Офицер увидел, что вся эта сцена с очной ставкой провалилась; с недовольным видом он отвернулся, не удостоив его даже ответом. Мой друг закричал:

— Что говорят все эти люди? — после чего он начал шагать по палубе, размахивая своей слуховой трубкой и расспрашивая стоящих вокруг него офицеров:

— Что вам угодно? Что вы сказали?

С ним дело обстояло благополучно, так как у него был настоящий паспорт, и ему нечего было бояться. Мое положение было гораздо серьёзнее.

Нас высадили в Ремсгейте. Два раза нас обыскивали, два раза проверяли наши бумаги. В промежутке между этими обысками нас отвезли в отель и очень любезно угостили чаем.

В зале я заметил официанта, которого я уже где-то видел и которого я скоро узнал. Он служил в Берлине в «Бристоле», где я часто бывал. За чаем я сообщил об этом приятном открытии моему глухому приятелю.

— Это уже ваш второй по счёту «приятель», которого мы встречаем, — ворчал он. — Абсолютно нет никакой возможности поехать куда-нибудь, чтобы не встретить ваших знакомых.

Мы вернулись в контору.

— Будьте добры оставить ваши паспорта для проверки.

Войдя в помещение для сдачи паспорта, я тотчас же увидел в одном углу моего официанта из «Бристоля». Я старался быть хладнокровным. Дежурный чиновник Дэдли Уорд, член парламента, важная персона, задал мне те же вопросы, на, которые я отвечал уже утром. Вдруг в углу раздался резкий голос, полный ненависти и бешенства:

— Не говорите глупостей! Вы капитан Ринтелен из Берлина.

Я даже не моргнул глазом, так как уже прежде заметил этого человека, и самым спокойным тоном отвечал на задаваемые вопросы.

— Субъект, выдумывающий идиотские истории в своем углу, меня не интересует. Очень жаль, что терпят присутствие таких невоспитанных людей.

Но этот человек опять вскипел:

— Довольно! Вы — немецкий капитан Ринтелен; я вас давно знаю.

Было бы подозрительно с моей стороны не отозваться и продолжать игнорировать его; я поэтому повернулся к нему, и спросил удивленным тоном:

— Что вам угодно? [71]

«Глухой» американец присоединился ко мне и, прилаживая свою слуховую трубку, закричал:

— Что говорит этот человек?
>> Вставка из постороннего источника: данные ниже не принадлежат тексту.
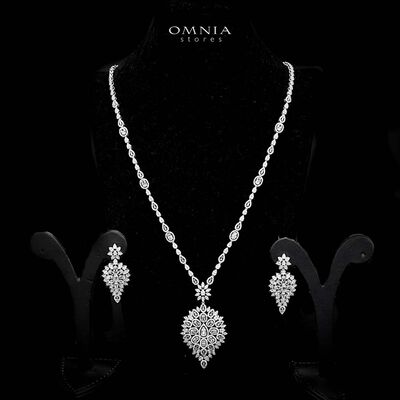 Omnia Hasmaa White Bridal Long chain Set In Rhodium Plated with High Quality Zircon Stone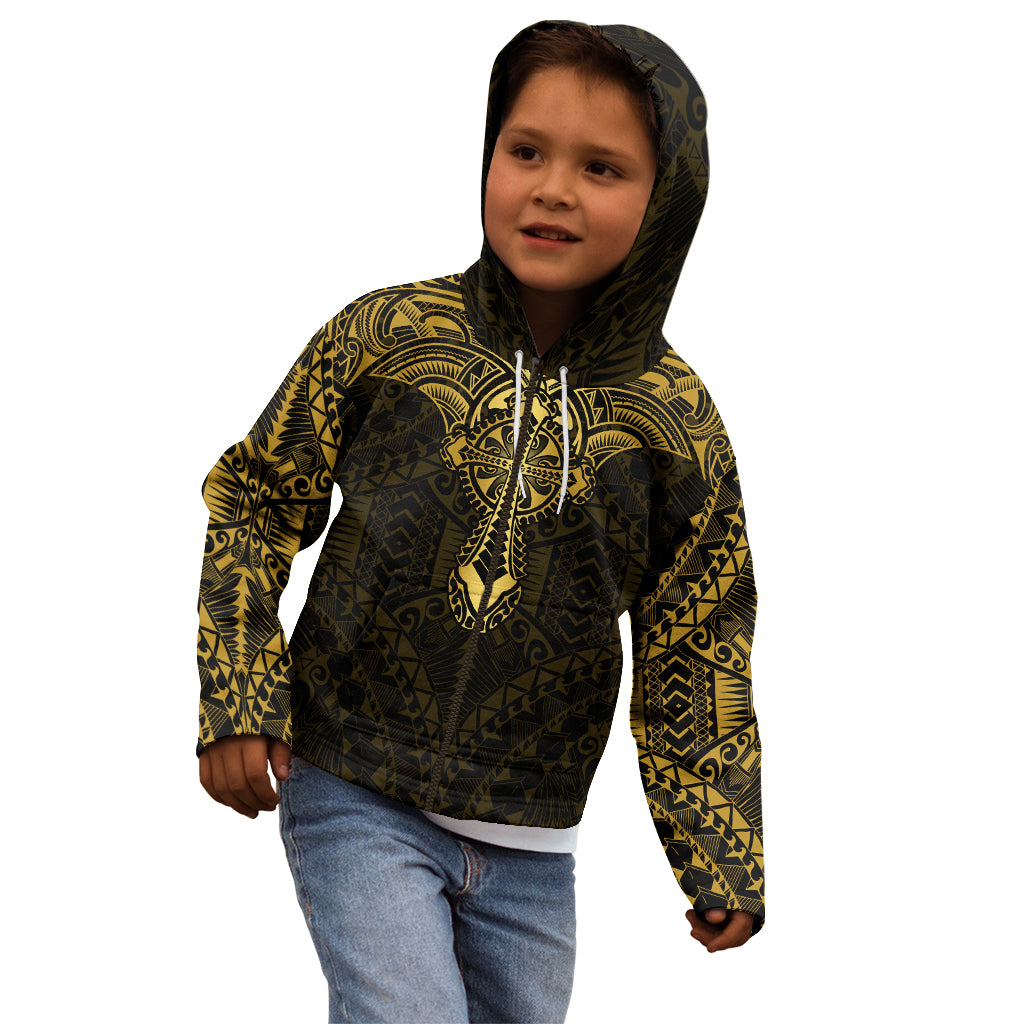 Personalized Polynesia Kid Hoodie With Christian Cross LT05 - Polynesian Pride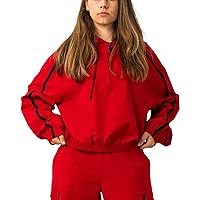 MTV Women's Hoodie, Hooded Sweatshirt Oversized Half Zip Crop Top Pullover for Gym Casual Wear
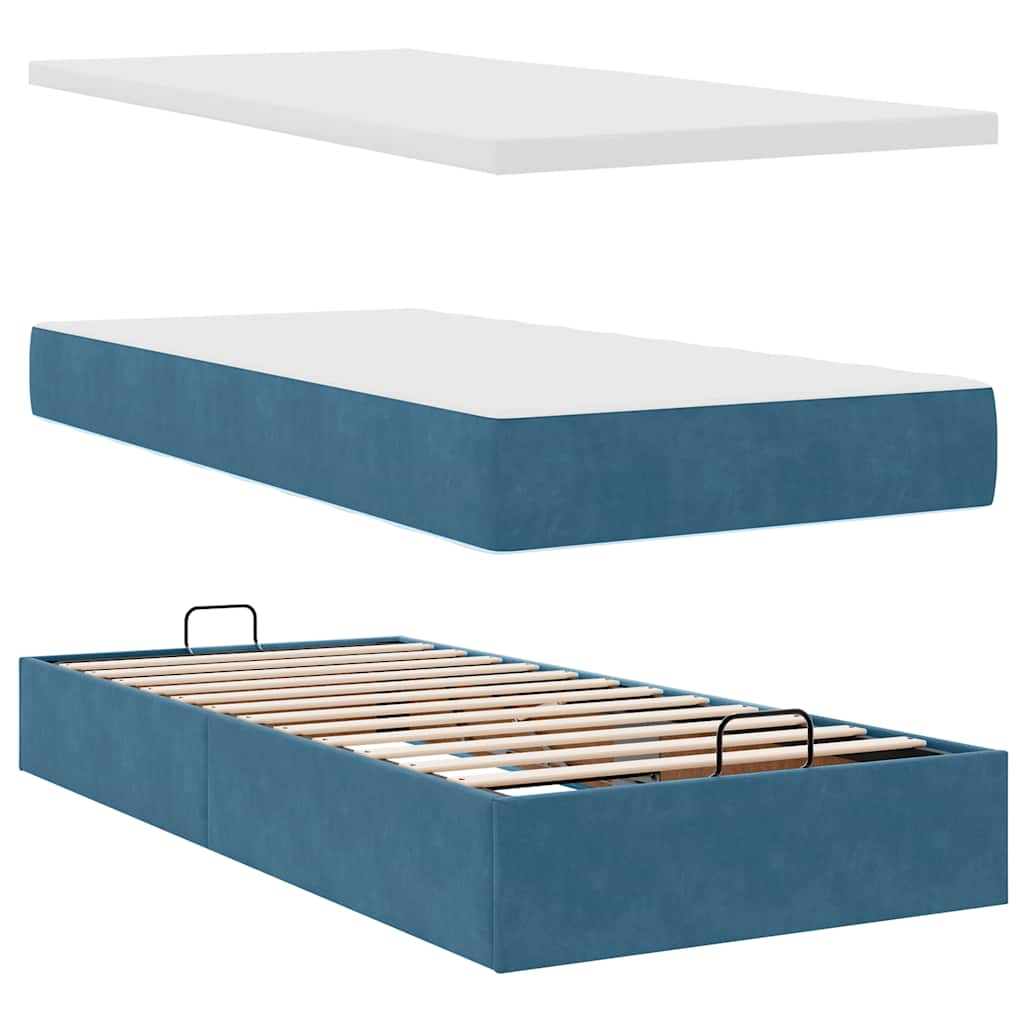 Estrutura cama otomana com colchões azul escuro 90x190cm veludo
Что ему нужно от меня? Или, быть может, он с вами говорит?

Когда он, наконец, приладил свою трубку, я закричал ему в трубку:

— Тут один утверждает, что я... — и, обратившись к официанту, спросил. — Какое имя вы назвали? Будьте добры произнести эту фамилию по буквам.

Началось смешение букв, путаница между немецким «а» и английским «э». Фамилии, какую я произнес на ухо американцу, никогда не существовало; все звуки были искажены; мы продолжали спорить, пока, наконец, американец положил свою трубку в футляр и сказал:

— Хватит, с меня довольно.

На что я ответил:

— Везде встречаются невоспитанные люди, которые любят вмешиваться в дела, их не касающиеся.

Нетерпеливым жестом офицер дал знать официанту, который был бельгийцем, чтобы тот оставил помещение; затем он пошел сообщить по телефону, что, по-видимому, произошла ошибка. К моему великому удивлению и величайшей радости, нам разрешили вернуться на борт «Нордама». Наш багаж находился на борту, и я уже мысленно приветствовал свою родину.

Но, спустя некоторое время, к пароходу подошло дозорное судно, и находившийся на нем английский офицер отдал через мегафон приказ: «Вернитесь!».